Versioning Databases – The Baseline

Friday, February 1, 2008

Continuing from the last post (Three Rules for Database Work), I wanted to drill into some database versioning strategies that have worked well for me.

Caveats and Considerations

As a preface, let me say there are many different strategies that can work. I'm not presenting the one true way. My goal is to roll out database changes in a consistent, testable, reproducible manner. I'm used to working with largish databases that are packaged to install behind a customer's firewall. I don't want to use naïve update scripts that run for 6 hours. Concerns like this bias my thinking and strategies. Every application should manage database change, but you'll have to decide on the simplest strategy that works for your environment.

The Baseline

The first step in versioning a database is to generate a baseline schema. This is the starting point for versioning a database. After you've published the baseline to an authoritative source, any changes to the schema require a schema change script (a topic for the next post, because I have a feeling this is going to be long for a blog post).

You are probably not going to baseline the database on day 1 of a project. I'd suggest letting the early design of the schema settle in a bit so you are not creating a huge number of change scripts. This might sound like I'm suggesting you need to do some big, up front schema design – but that's not true. You can get pretty far into an application these days with in-memory data, fakes, stubs, mocks, and unit tests. Once the model in your code starts to stabilize, you can start thinking of the schema required to persist all the data. If you are ORMing, you can even generate the first schema from your model.

On the other hand, maybe your project and database have already been around a couple years. That's ok – you can baseline today (tomorrow at the latest), and manage change moving forward.

But How?

If you want to do things the hard way, then open a new file in a text editor and write all the SQL commands that will create every table, constraint, function, view, index, and every other object in your database. You'll also want to include commands that populate lookup tables with static data and include any bootstrap data needed by the application. Test the new script against a fresh database server and if successful, commit the file to source control. Consider your schema baselined!
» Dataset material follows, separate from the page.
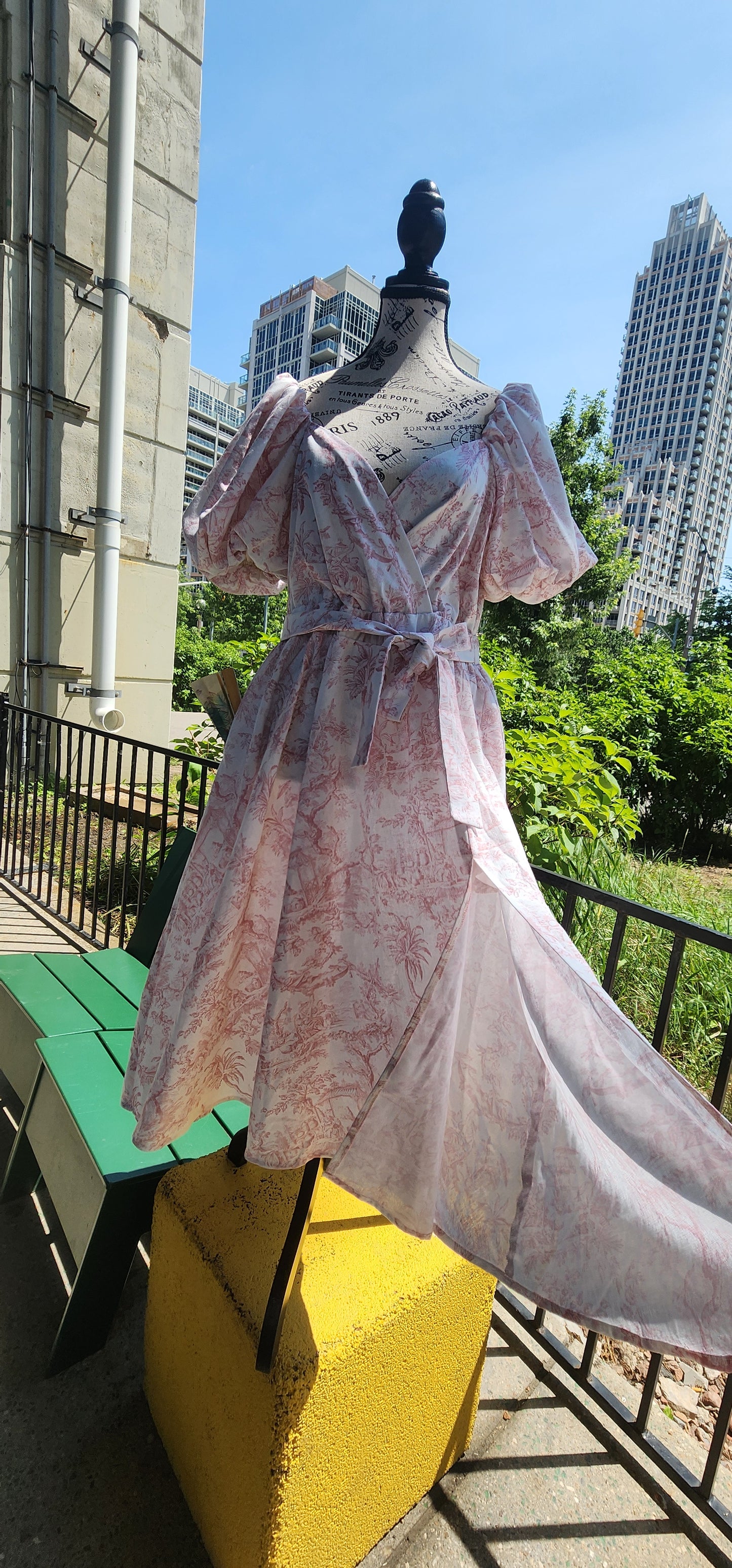 x. Handsewn Scarlet Dress - Toile & Geometric Prints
Nobody really does this step the hard way, though. Most of us use tools that we point to a database, and the tools generate one or more scripts for us. Some people like to generate everything into one big script file. Others like to generate one script file for every database object. SQL Server Management Studio provides both option when you elect to script a database. I've seen both approaches work, but the "one file per object" approach feels cumbersome on a day to day basis, and unwieldy if the number of objects grow into the thousands.
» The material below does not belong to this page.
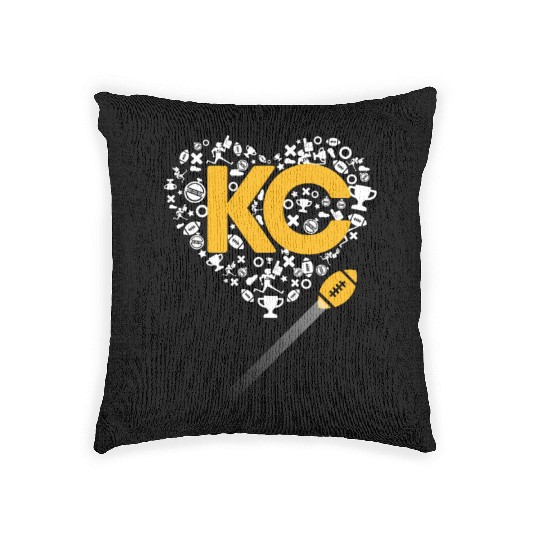 I Love Kansas City Football Woven Pillows Heart KC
Personally, I like to take a hybrid approach. I like to keep all of the SQL needed to create tables, constraints, defaults, and primary indexes in a single file. Any views, stored procedures, and functions are scripted one per file.

If you go the multiple file approach, make sure to write a batch file, shell script, application, or some other form of automation that can automatically locate and run all of the script files required to install the database. Human intervention in this process is a step backwards.

Also, many tools like to include CREATE DATABASE commands and/or include database names in the scripts they generate. You'll want to purge any reference to a hardcoded database name. You want the name to be configurable (a default name is fine), and you probably want to support multiple databases for your application on the same database instance (mostly for testing).

Whichever approach you take (one single file, or multiple files), you now have scripts that can recreate the database schema on any developer machine, test machine, or production machine. Everyone uses the exact same schema. Congratulations! You've just increased the quality of your software because the database can be reliably reproduced in any environment.

I Almost Forgot the Most Important Ingredient

At some point in the future, the schema will have to change. Before you baseline the database you need to add a table to record these schema changes. The following table is the kind of table I'd use to track every change to a database.

CREATE TABLE [dbo].[SchemaChanges](
   [ID] [int]
IDENTITY(1,1) NOT NULL,
   [MajorReleaseNumber] [varchar](2)
NOT NULL,
   [MinorReleaseNumber] [varchar](2)
NOT NULL,
   [PointReleaseNumber] [varchar](4)
NOT NULL,
   [ScriptName] [varchar](50)
NOT NULL,
   [DateApplied] [datetime]
NOT NULL,

    
CONSTRAINT [PK_SchemaChangeLog]
        
PRIMARY KEY CLUSTERED ([SchemaChangeID] ASC)
)

The first baseline schema script should, as the last step, officially install version 1.0 of the database:

INSERT INTO [SchemaChangeLog]
       ([MajorReleaseNumber]
       ,[MinorReleaseNumber]
       ,[PointReleaseNumber]
       ,[ScriptName]
       ,[DateApplied])
VALUES
       ('01'
       ,'00'
       ,'0000'
       ,'initial install'
       ,GETDATE())

Comments
Holger H. Friday, February 1, 2008
Hi Scott,
I didn't find in SQLWB 2005 any option to script a database to individual files. Sorry to be so blind, but: where do I have to look?

Thanks,
Holger

scott Friday, February 1, 2008
@Holger:

Sure - in the Object Explorer window, right-click a database, go to Tasks in the context menu, and then click on "Generate Scripts". There are a plethora of options to set there.

Sorry for not providing more detail. I'm trying to bang out these posts without writing the equivalent of a book :)
Sean Friday, February 1, 2008
Thanks for the schema table tip! That's a piece I was missing.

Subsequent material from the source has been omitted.